The initial post describes this special use case.

You would basically load the data once and reuse it for all workers.
That’s not the standard work flow, where you are usually loading e.g. image files and apply some live data augmentation on it, so I would recommend to not use the shared array unless you really need it.

1 Like

Hi there, are you able to share some example code? I’m in a similar situation where I want to share the lru_cache across workers. Thanks!

Thank you for the pytorch_misc repository.

1. For the Read-write purpose:

Just wonder what will happen if we replace

multiprocessing.Manager.dict

with common python dict in the snippet.

2. For the Read-only purpose:

If I can preload all data into a container in a proper way (not using dataset or dataloader), and then use the container as a cache for the dataset where the data will be read-only in rest execution. Is it still necessary to use the

multiprocessing.Manager.dict

or we can turn to the normal dict.

  1. I guess it won’t be working to share the same dict, as it would be copied. Did you try to replace it and run the code snippet?
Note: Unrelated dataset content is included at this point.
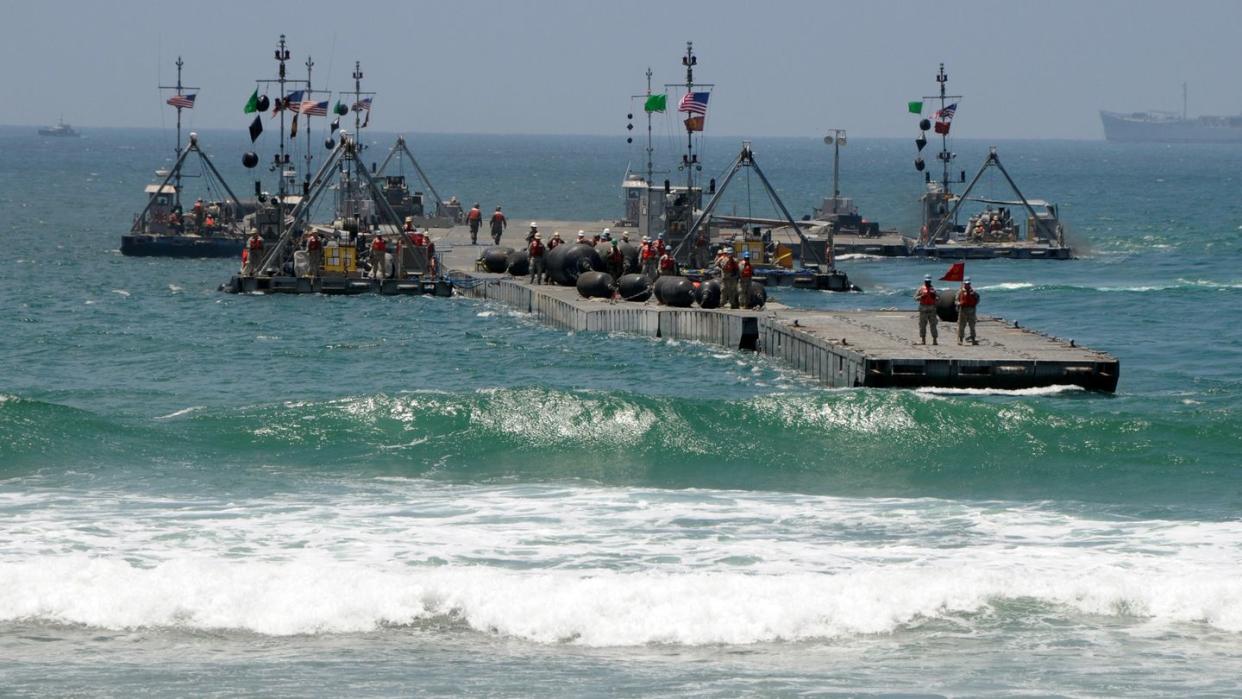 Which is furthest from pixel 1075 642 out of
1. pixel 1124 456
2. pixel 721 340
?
pixel 721 340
  2. If you can preload the data, you could use it directly in a Dataset and the DataLoader would then create copies of it for each worker.

  1. I tried to replace the manager.dict with a python standard dict. Nothing wired happens for the snippet.
  2. I printed the object id in __getitem__ and only observe a unique id for both two cases. Guessing dict is not duplicated in my cases.

The fear is that it works ok in a small snippet but breaks in complicated circumstances.

I have long been wondering the mechanism of our pytorch dataloader and dataset but still get confused after searching for informations.

According to the above github links, the fork/spawn methods might be the keys to dive into the details but this is diffcult for us users.

It is hoped that a in-depth tuitorial could be proposed on the dataset/dataloader mechenism. That would be helpful for users with a slightly advanced purpose.